Traders will also want to know what the official Energy Information Administration numbers published later today say. The markets have shrugged off recent comments by President Trump calling for lower prices. And the principle narrative which focuses on OPEC’s determination to soldier on with supply cuts plus falling Venezuelan supply continues to provide important support even at current levels. Even so, the market has already priced in a lot and will likely await new incentives such as a possible China/US trade agreement before trying to push higher.

 

In global macro and general news –  The Chairman of the Federal Reserve Bank Board of Governors, Jeffrey Powell continued his semiannual testimony to the Senate Banking Committee and reiterated the Fed’s recent more dovish tone. Noting conflicting data on the U.S economy such as poor retail sales which contrasted with strong numbers for jobs and wages. He went on to say that the baseline outlook was good despite the apparent drag  effect from slowing overseas economies.  And confirmed that the Fed would be patient with interest rates while it clarified the U.S. economy’s direction.

 

Tension between India and Pakistan has escalated further today with the shooting down of two Indian fighter jets apparently over Pakistani territory. Given that India is facing a general election and that the Pakistani military has an important  voice the risk of a continued tit for tat is quite high. Neither side can back down without third party intervention. This crisis are not new, however, in the past countries like the U.S. were able to intervene and calm things down. Whether the U.S. or a group of countries are able to intervene and mediate a solution is more open to question than usual. Markets will largely ignore this for the time being, but if things continue to get worse that will have to eventually price it in.. 

 

 

HCMC – The VN index rose today as turnover narrowed to VND 4,915.26 billion or US$ 210.96 million. The index gained 0.33% and closed at 990.27. 163 stocks up while 142 stocks down. And 8 stocks went to the ceiling while 12 stocks dropped to the floor. Foreigners accounted for 15.56% of the buying value and 14.48% of the selling value.

 

Foreign buying fell in actual terms and also in percentage terms. While foreign selling also fell further in actual terms and also in percentage terms. Foreigners turned net buyers to the tune of VND 53.13 billion worth of shares in HCMC. And we saw thirty eight transactions in the put through market today.

 

Foreigners were active buyers of E1VFVN30; MSN; HPG; VNM and PVD. They also actively sold GTN; VHM; VJC; VIC and VNM. The put through market was more active today with two enormous; five super jumbo; six jumbo; seven large and some medium sized & smaller deals accounting for 17.63% of total turnover.

 

We saw 21,506,440 shares of GTN; 6,550,000 shares of E1VFVN30; 500,000 shares of DHG; 4,900,000 shares of LCG and 5,983,460 shares of SAM going through.
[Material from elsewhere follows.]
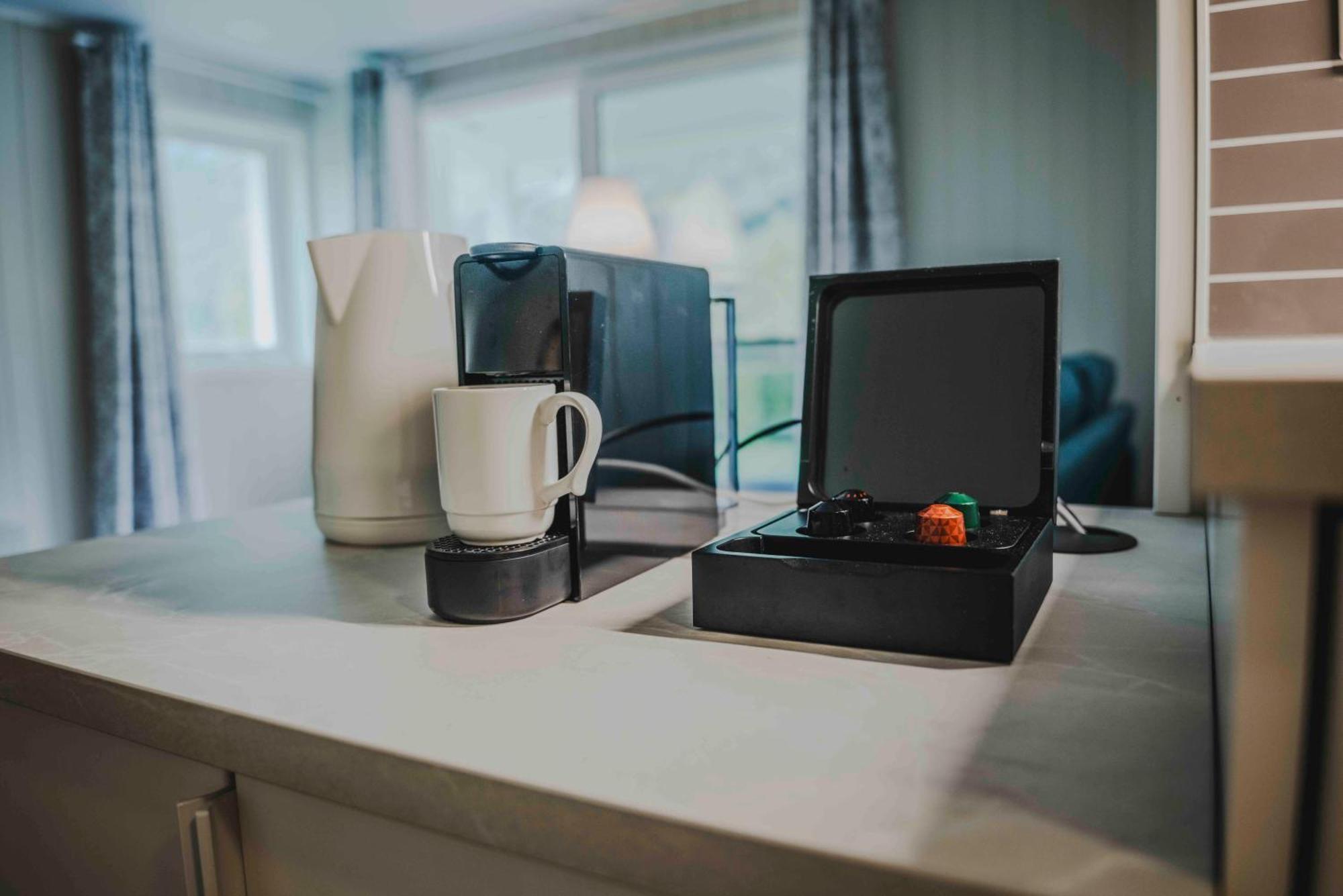Loen Apartments Ngoại thất bức ảnh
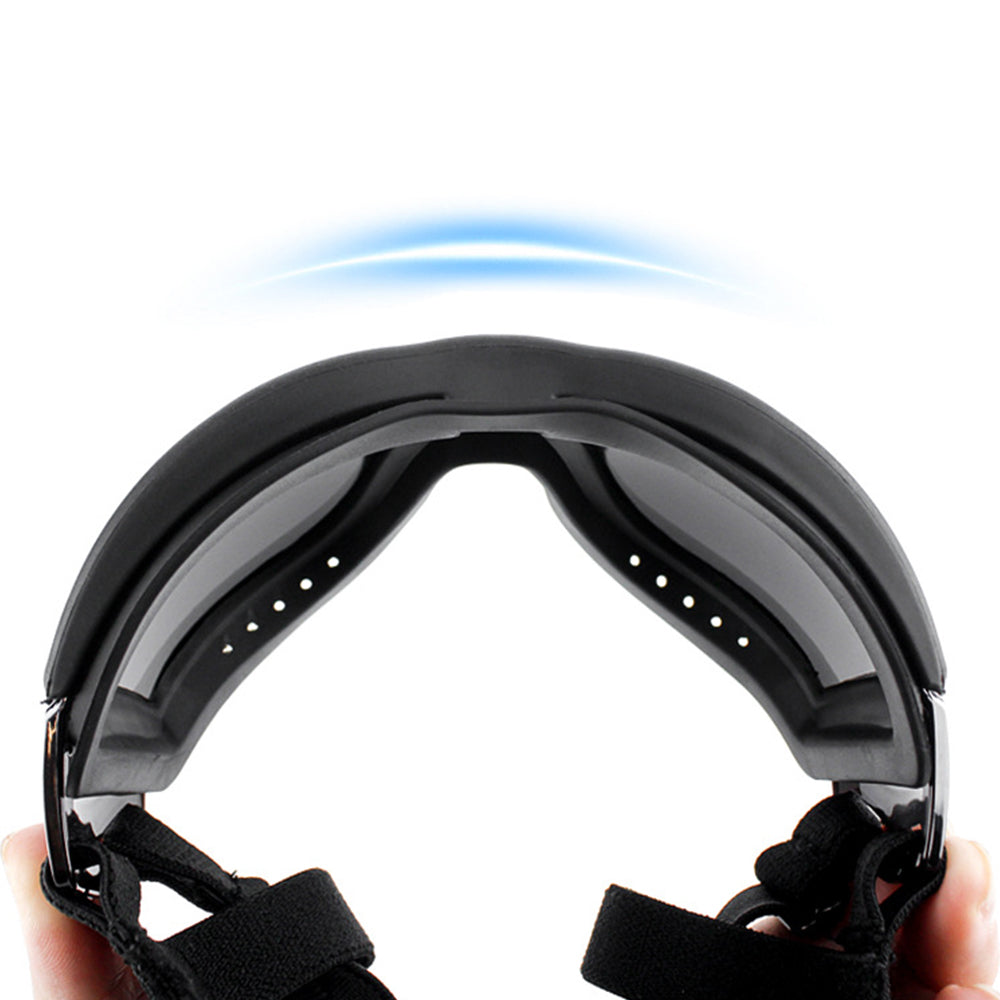 Fashion Pet Goggles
Foreigners were more active in the put through session in the E1VFVN30 & MBB deals and then eighteen other smaller deals today in the market.

 

E1VFVN30 was up 0.46% today closing at VND 15,440.

 

Hanoi – The Hanoi market went down today while turnover came to VND 799.59 billion or US$ 34.32 million. The HN index was down 0.03% to close at 107.63. 103 stocks up while 55 stocks down. And 21 stocks went to the ceiling while 11 stocks dropped to the floor. Foreigners accounted for 3.90% of the buying value and 43.95% of the selling value.

 

Foreigners were net sellers to the tune of VND 320.24 billion worth of shares. And we saw fifteen medium and small sized deals today during less active put through session in Hanoi accounting for 45.45% of total turnover.

 

We saw 16,927,600 shares of VGC; 674,000 shares of TVC and 300,000 shares of DBC along with some smaller transactions in the put through market today.